DATASET SECTION:
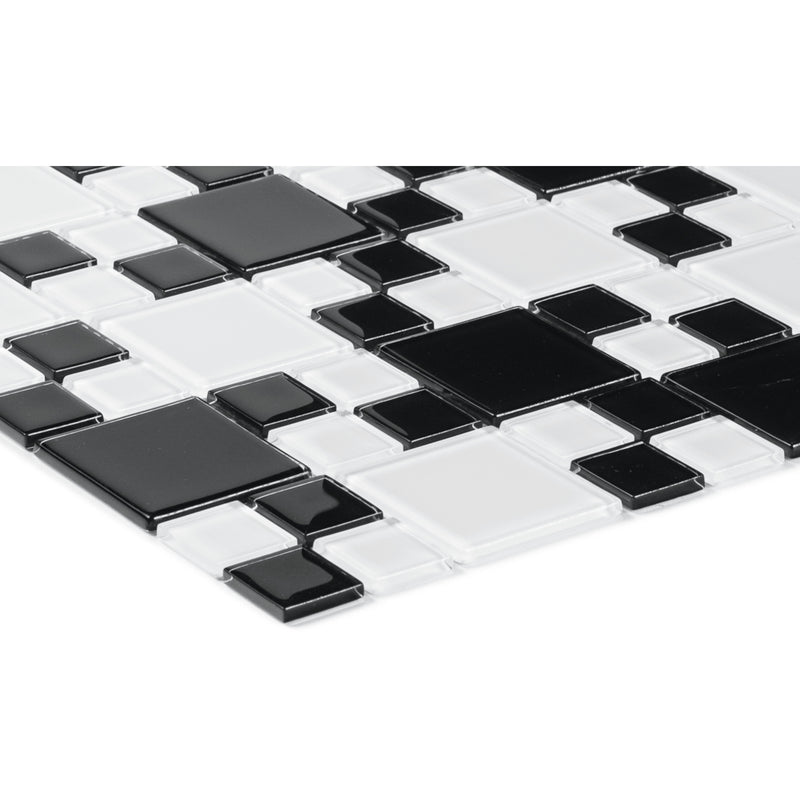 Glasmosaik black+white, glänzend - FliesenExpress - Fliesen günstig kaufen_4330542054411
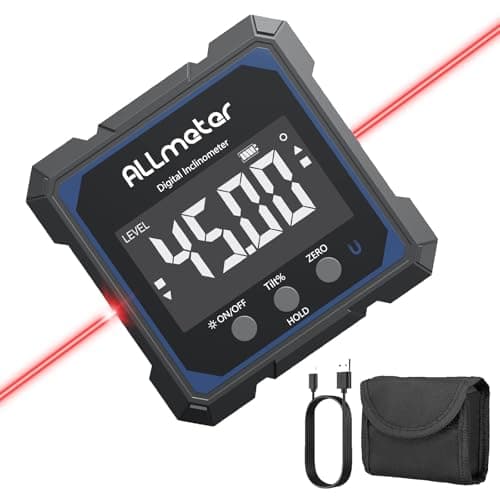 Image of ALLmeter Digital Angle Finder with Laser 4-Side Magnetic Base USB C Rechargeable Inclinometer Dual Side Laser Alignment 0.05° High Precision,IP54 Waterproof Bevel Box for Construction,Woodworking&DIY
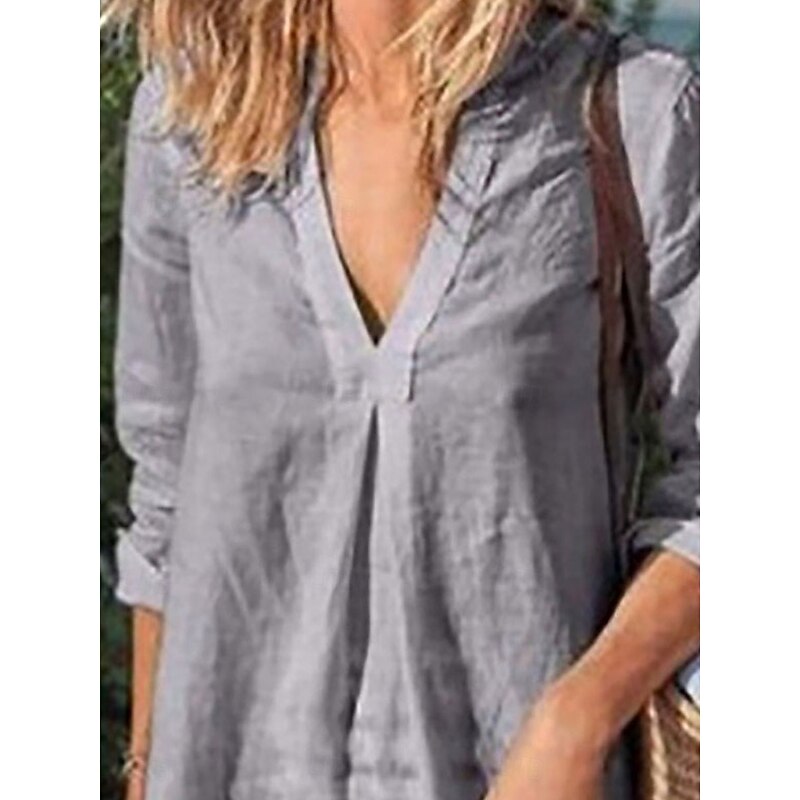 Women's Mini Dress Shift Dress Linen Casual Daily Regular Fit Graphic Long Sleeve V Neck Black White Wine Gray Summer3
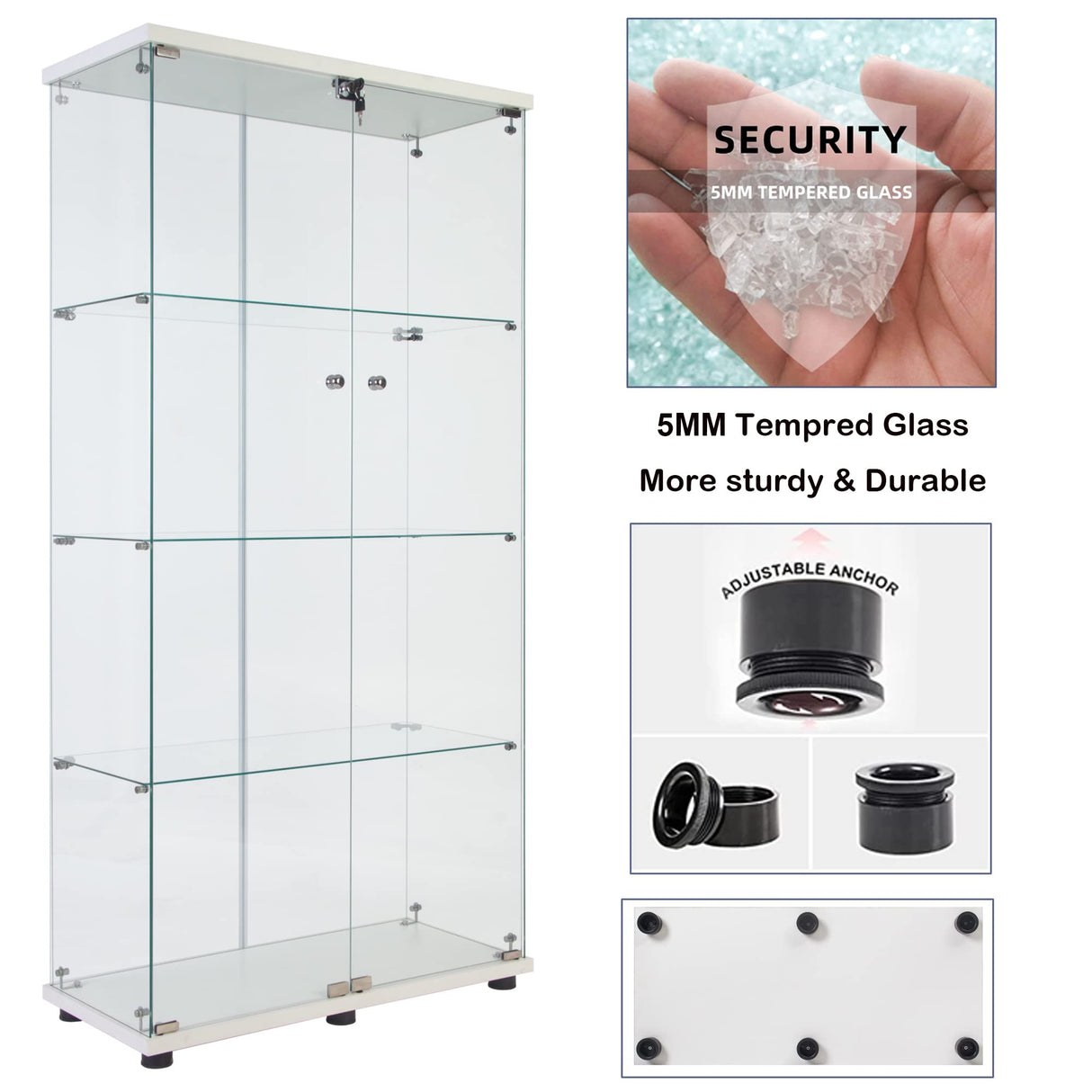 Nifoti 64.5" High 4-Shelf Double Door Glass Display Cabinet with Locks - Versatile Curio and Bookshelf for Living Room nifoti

ASSIGNMENT:
Copy the listing over exactly, skipping the pictures it holds.

EXERCISE SOLUTION:
 Glasmosaik black+white, glänzend - FliesenExpress - Fliesen günstig kaufen_4330542054411
 Image of ALLmeter Digital Angle Finder with Laser 4-Side Magnetic Base USB C Rechargeable Inclinometer Dual Side Laser Alignment 0.05° High Precision,IP54 Waterproof Bevel Box for Construction,Woodworking&DIY
 Women's Mini Dress Shift Dress Linen Casual Daily Regular Fit Graphic Long Sleeve V Neck Black White Wine Gray Summer3
 Nifoti 64.5" High 4-Shelf Double Door Glass Display Cabinet with Locks - Versatile Curio and Bookshelf for Living Room nifoti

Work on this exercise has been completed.